Calculating the inverse of a matrix through row reduction

Calculating the inverse of a matrix through row reduction#

Another way to calculate the inverse of a matrix is to use row reduction (also called Gaussian elimination). The rules of row reduction are

multiply any row by a nonzero constant \(\lambda \neq 0\);
interchange rows;
add a multiple of one row to another.

To find the inverse of \(A\), we set up a new matrix made up of \(A\) and \(I\) next to each other with a line between them just to remind us where the separation is between the orignal matrices i.e. we write a rectangular matrix of the form \((A|I)\). Then we apply rules of row reduction until we obtain the form \((I|B)\). Then \(B = A^{-1}\). An example will make this method clearer. Suppose we have a matrix \(A\) with

\[\begin{split} \begin{aligned} A = \begin{pmatrix} 1 & 3 \\ 2 & 7 \end{pmatrix}\, . \end{aligned} \end{split}\]
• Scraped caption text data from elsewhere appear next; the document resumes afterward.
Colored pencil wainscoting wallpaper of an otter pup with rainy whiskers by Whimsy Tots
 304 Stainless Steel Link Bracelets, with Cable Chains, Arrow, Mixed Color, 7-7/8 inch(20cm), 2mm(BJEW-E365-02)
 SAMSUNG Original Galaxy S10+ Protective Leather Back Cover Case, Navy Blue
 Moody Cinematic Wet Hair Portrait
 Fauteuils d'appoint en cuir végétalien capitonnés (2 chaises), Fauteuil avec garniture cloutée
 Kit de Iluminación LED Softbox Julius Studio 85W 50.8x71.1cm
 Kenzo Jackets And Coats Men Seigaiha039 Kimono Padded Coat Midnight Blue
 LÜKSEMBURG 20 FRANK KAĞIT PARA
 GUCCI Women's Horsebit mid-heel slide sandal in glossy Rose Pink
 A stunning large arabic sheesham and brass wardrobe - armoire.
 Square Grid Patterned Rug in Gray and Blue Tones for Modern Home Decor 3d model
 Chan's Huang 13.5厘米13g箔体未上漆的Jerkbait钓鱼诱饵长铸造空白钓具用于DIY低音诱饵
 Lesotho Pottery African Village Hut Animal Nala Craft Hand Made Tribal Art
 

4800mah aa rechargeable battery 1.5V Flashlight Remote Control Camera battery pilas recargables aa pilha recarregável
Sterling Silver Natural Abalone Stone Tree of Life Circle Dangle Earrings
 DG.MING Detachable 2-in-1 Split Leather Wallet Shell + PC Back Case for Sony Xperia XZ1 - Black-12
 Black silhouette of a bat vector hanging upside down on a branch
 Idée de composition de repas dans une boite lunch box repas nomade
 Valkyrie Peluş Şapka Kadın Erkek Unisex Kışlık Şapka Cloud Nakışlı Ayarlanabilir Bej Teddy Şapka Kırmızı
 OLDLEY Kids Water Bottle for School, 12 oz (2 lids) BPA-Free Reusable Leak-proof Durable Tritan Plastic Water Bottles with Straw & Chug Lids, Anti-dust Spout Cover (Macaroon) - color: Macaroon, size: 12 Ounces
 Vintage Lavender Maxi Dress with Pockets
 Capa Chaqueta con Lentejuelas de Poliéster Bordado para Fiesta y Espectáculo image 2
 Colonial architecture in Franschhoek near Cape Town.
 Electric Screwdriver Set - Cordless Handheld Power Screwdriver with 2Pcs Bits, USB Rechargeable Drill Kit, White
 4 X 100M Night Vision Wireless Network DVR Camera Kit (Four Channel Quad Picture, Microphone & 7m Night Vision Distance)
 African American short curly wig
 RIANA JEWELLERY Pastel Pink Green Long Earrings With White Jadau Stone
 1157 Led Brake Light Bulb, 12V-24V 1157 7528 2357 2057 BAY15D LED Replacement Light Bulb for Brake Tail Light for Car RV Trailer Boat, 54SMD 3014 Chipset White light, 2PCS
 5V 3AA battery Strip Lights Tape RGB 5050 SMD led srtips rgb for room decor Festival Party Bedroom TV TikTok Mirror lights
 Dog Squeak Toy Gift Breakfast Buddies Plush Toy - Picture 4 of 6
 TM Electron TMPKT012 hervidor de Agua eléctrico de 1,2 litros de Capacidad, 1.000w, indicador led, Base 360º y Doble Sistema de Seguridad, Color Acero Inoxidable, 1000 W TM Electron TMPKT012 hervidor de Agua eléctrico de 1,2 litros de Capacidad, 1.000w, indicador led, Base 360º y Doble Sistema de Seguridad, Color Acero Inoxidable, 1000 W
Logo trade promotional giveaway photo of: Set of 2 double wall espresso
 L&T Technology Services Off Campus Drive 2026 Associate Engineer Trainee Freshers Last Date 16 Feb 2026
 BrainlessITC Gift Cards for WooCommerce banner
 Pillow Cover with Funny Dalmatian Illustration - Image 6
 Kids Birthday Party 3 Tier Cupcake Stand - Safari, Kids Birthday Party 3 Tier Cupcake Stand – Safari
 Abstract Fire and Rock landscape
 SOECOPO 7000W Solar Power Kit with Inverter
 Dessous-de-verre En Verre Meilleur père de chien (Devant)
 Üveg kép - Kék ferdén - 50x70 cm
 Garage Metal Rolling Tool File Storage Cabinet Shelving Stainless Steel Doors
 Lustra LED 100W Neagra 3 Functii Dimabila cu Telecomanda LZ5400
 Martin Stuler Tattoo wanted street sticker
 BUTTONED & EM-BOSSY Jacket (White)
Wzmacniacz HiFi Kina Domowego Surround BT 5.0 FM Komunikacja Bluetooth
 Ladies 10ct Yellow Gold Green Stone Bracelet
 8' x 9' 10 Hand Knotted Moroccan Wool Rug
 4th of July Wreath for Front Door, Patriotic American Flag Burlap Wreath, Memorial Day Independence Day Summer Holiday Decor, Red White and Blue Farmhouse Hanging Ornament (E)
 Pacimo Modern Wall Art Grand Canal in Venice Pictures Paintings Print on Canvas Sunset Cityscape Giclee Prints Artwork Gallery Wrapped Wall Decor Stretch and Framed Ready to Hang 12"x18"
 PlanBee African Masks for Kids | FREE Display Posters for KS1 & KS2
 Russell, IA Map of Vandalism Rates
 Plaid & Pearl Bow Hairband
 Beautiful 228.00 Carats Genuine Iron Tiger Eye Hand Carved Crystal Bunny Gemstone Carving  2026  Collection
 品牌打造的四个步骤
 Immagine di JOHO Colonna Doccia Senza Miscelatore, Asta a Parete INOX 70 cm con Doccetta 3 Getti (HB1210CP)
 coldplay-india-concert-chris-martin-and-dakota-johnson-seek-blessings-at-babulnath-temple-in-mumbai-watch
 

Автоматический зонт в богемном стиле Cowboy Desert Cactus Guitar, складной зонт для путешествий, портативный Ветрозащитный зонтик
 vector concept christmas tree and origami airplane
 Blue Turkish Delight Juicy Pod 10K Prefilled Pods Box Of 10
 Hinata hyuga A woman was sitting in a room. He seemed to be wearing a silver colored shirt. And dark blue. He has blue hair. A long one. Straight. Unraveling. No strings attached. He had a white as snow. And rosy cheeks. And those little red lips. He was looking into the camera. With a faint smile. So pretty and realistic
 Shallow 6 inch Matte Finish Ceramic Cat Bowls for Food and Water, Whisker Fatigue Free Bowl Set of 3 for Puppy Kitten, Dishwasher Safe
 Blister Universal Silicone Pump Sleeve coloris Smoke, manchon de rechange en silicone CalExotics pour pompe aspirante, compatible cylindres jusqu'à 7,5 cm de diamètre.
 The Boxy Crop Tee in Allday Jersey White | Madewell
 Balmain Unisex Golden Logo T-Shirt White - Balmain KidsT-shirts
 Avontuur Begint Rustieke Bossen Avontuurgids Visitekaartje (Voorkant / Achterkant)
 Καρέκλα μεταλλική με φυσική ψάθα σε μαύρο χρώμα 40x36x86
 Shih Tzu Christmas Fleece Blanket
Row reduction proceeds as follows: first we remove twice the first row from the second row and then we remove three times the second row from the first row i.e.

\[\begin{split} \begin{aligned} \left( \begin{matrix} 1 & 3 \\ 2 & 7 \end{matrix} \left\vert \begin{matrix} 1 & 0 \\ 0 & 1 \end{matrix} \right. \right) \xrightarrow{r_2 \to r_2 - 2 r_1} \left( \begin{matrix} 1 & 3 \\ 0 & 1 \end{matrix} \left\vert \begin{matrix} 1 & 0 \\ -2 & 1 \end{matrix} \right. \right) \xrightarrow{r_1 \to r_1 - 3 r_2} \left( \begin{matrix} 1 & 0 \\ 0 & 1 \end{matrix} \left\vert \begin{matrix} 7 & -3 \\ -2 & 1 \end{matrix} \right. \right) \end{aligned} \end{split}\]

where \(r_j\) denotes the \(j^{\rm th}\) row. The inverse of \(A\) is therefore

\[\begin{split} \begin{aligned} A^{-1} = \begin{pmatrix} 7 & -3 \\ -2 & 1 \end{pmatrix}\, . \end{aligned} \end{split}\]

You can check that indeed \(A^{-1} A = I\).